ZUS zajął emerytalne składki odkładane przez Panią pracującą w spółce prawa handlowego, która je przesyłała przez 19 lat. Kwota łącznie wyniosła blisko 350 tys. zł, ZUS je przejął i przekazał w całości na rzecz FUS. Powód zdaniem instytucji – nienależne przekazywanie. Którego nikt z ZUS przez blisko 2 dekady nie kwestionował.
Pytania brzmią: czy przekazywane składki do ZUS przez ludzi są ich własnością, czy mamy powtórkę sytuacji z OFE? Czy istnieją w praktyce – zasada prawa do zabezpieczenia społecznego i zasada zaufania do władzy publicznej? Kwestie do wyjaśnienia związane są z adekwatnością i prawidłowością działania ZUS. Nasuwa się tutaj wiele wątpliwości, łącznie z podejrzeniem manipulacji w przekazie medialnym opisywanej sytuacji.

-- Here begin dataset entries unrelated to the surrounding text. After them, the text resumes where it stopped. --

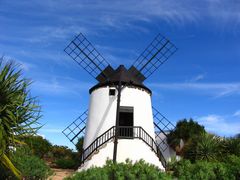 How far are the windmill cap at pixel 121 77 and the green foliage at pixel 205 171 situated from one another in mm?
7548

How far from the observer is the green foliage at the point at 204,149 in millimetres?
22766

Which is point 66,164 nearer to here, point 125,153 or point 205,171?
point 125,153

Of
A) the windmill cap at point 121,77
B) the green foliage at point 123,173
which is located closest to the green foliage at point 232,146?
the windmill cap at point 121,77

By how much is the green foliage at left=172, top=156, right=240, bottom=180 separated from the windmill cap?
24.8ft

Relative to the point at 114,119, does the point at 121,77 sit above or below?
above

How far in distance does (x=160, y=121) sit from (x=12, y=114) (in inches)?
571

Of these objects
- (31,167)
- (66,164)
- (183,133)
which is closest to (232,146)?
(183,133)

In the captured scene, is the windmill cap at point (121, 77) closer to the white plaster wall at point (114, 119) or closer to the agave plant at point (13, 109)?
the white plaster wall at point (114, 119)

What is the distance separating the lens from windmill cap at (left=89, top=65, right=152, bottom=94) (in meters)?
20.9

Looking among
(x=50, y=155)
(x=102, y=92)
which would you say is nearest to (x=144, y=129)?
(x=102, y=92)

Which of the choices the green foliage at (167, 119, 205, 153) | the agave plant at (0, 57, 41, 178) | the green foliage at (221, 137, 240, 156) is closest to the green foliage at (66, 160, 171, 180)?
the agave plant at (0, 57, 41, 178)

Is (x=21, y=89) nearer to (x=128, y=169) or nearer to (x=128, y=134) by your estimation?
(x=128, y=169)

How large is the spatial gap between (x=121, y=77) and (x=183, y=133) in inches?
419

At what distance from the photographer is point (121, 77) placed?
828 inches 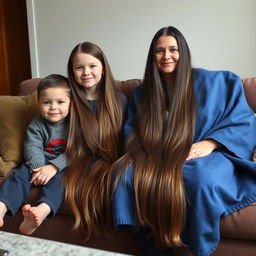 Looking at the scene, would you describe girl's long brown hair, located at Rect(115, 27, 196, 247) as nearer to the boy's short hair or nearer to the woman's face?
the woman's face

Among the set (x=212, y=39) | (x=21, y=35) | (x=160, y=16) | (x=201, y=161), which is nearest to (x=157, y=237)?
(x=201, y=161)

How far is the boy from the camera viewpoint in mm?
1231

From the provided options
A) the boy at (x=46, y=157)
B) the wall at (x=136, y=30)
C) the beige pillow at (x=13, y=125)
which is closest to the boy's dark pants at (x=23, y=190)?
the boy at (x=46, y=157)

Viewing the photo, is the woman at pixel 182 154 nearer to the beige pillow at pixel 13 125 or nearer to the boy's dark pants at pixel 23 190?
the boy's dark pants at pixel 23 190

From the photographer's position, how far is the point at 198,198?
3.58ft

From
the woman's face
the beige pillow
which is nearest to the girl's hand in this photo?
the woman's face

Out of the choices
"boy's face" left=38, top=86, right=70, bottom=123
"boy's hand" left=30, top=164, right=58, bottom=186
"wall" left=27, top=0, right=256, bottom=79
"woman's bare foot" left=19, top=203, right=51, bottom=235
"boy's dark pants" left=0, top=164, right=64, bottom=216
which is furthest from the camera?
"wall" left=27, top=0, right=256, bottom=79

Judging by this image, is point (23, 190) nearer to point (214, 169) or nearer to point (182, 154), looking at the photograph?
point (182, 154)

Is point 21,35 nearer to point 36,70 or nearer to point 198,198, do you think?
point 36,70

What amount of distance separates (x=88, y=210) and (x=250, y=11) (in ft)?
5.63

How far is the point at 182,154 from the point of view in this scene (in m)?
1.29

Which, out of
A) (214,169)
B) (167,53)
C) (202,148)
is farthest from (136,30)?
(214,169)

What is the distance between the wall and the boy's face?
3.69ft

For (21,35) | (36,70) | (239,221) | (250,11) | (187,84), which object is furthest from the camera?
(21,35) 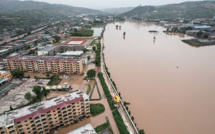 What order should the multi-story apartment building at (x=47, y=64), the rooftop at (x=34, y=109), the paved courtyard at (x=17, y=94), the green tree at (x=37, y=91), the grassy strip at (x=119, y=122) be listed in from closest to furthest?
the rooftop at (x=34, y=109) → the grassy strip at (x=119, y=122) → the paved courtyard at (x=17, y=94) → the green tree at (x=37, y=91) → the multi-story apartment building at (x=47, y=64)

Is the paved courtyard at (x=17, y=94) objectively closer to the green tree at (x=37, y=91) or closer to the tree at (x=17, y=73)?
the tree at (x=17, y=73)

Takich spraw jest w obrocie prawnym co najmniej kilkaset, czyli realnie rzecz ujmując może ich istnieć wiele tysięcy. Dotyczyć mogą zwłaszcza osób funkcjonujących w spółkach kodeksu spółek handlowych (KSH) i opłacających składki ZUS. Można uznać, że jest to krąg zagrożonych podobną sytuacją. Czyli być może “przewłaszczeniem” odkładanych przez wiele lat składek przez instytucję państwa.
BCC podejmuje interwencję w tej sprawie, służącą pełnemu wyjaśnieniu otoczeniu prawnemu podejmowanych decyzji. Efektem tego powinna być zmiana przepisów prawa, która nie krzywdzi ludzi. Także utworzy podstawę do zwrotu zabranych składek na ubezpieczenie społeczne.